AMS fragt sich, wie ein Leben in der Zukunft aussehen könnte, wenn AMS nicht in einer romantischen Beziehung lebt, sondern andere Formen des Zusammenlebens sucht.
Meine Oma fragt mich, ob ich an Weihnachten meinen Freund mitbringe. Oder an Ostern. Oder zum Geburtstag meiner Mutter. Immer. Wenn wir telefonieren, fragt sie mich wie es meinem Freund geht. Wenn sie mir schreibt, fragt sie, ob mein Freund bei mir ist. Oder ob ich einen neuen Freund habe.
Meine Tante heiratet im Sommer und meine Oma fragt, ob mein Freund mitkommt. Ich sage, ich weiß es noch nicht, denn meine Beziehung ist gerade etwas kompliziert. Ich sage, dass ich vielleicht einfach eine Freundin mitbringe, denn Freund*innenschaften sind genauso wichtig. Aus eigener Erfahrung ist auf sie auch mehr Verlass, sie halten länger, das sage ich aber nicht. Meine Oma sagt: Nein. Nur dein Partner ist eingeladen.
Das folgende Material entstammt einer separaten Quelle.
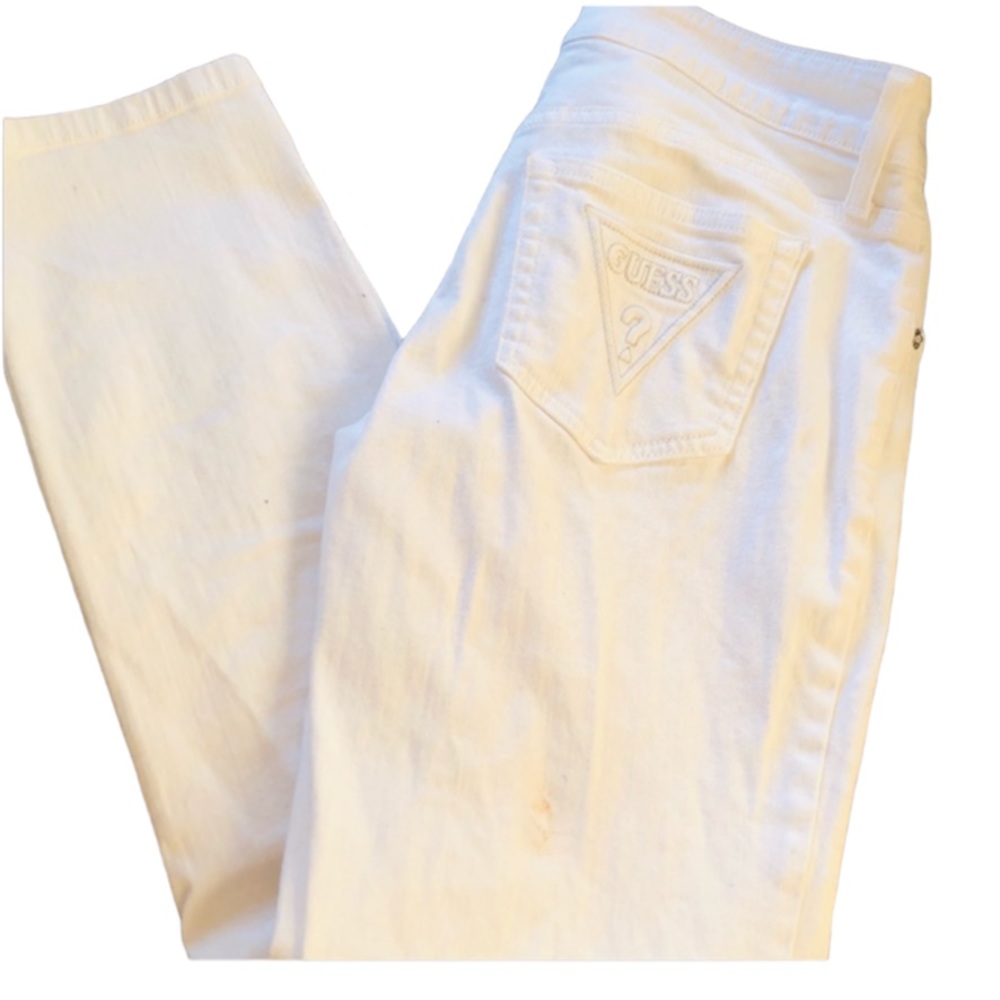 🌞 Guess NWOT vintage y2k white skinny jeans ankle cropped Women size 26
Meine Oma lebt seit 40 Jahren allein. Ich wohne seit 10 Jahren mit Freund*innen zusammen und kann mir nicht vorstellen, mit einem Partner zusammen zu ziehen. Oder Partner*innen, davon mal ganz abgesehen. Während meine Oma ein Leben als selbstbestimmte Frau geführt hat, hat sie gleichzeitig die Abzweigung zum feministischen Lebensentwurf um 180 Grad hinter sich gelassen hat, denn sie fordert von mir in jedem Kontakt die Einhaltung des konservativen Lebensstils. Ich habe immer so getan, als würde mich das kalt lassen. Bis die Einladung zur Hochzeit meiner Tante ins Haus geflattert kam, zu der ich noch nie viel Kontakt hatte. Meine Tante heiratet mit über 60 Jahren und als ich mir das Bild der beiden nicht mehr ganz so jungen Menschen auf der Hochzeitseinladung ansah, habe ich eine kleine Träne verdrückt. Wieso?
Mit Mitteendezwanzig habe ich realisiert, dass der Druck, den ältere Generationen dieser Gesellschaft auf mich aufgebaut haben nicht ganz an mir vorbei gegangen zu sein scheint. Mir fehlt es an weiblichen und oder queeren Vorbildern, die ihr Leben außerhalb dieser Erwartungshaltung führen. Ich wünsche mir eine Alternative aber kannte bis dato niemanden, der das verkörperte.
Kann es ein Leben für weiblich gelesene, nicht-binäre Menschen jenseits der 30 geben? Gibt es beispielsweise im beruflichen Kontext eine Perspektive, in der nicht die eigene Identität geleugnet werden muss? Wie kann Wohnen und Leben aussehen, wenn irgendwann die meisten Freund*innen um einen herum mit ihren romantischen Beziehungen zusammenziehen? Ist mir doch das Schicksal der komischen einsamen Katzenperson zugeteilt? Muss ich für immer in irgendwelchen Hausprojekten leben, mit denen ich mich doch nicht identifizieren kann, nur um nicht im Großstadtjungel komplett zu vereinsamen?
Das Bild der beiden nimmt mir den Druck. Den Druck, dass ich bis Mitteendezwanzig jetzt mal endlich den Partner fürs Leben gefunden haben muss und meine Beziehungen funktionieren müssen und es gab mir gleichzeitig die Hoffnung, dass jenseits der 30 noch so einiges auf mich wartet, von dem ich jetzt nicht mal die leiseste Ahnung habe. Zumindest für den Moment. Wir brauchen Vorbilder, um Alternativen denken zu können und den Mut zu haben, in sie zu vertrauen.
Eine gute befreundete Person hat vorgeschlagen ein Zukunftsplenum abzuhalten. Wieso sich nicht einfach für Freund*innen als Lebenspartner*innen entscheiden?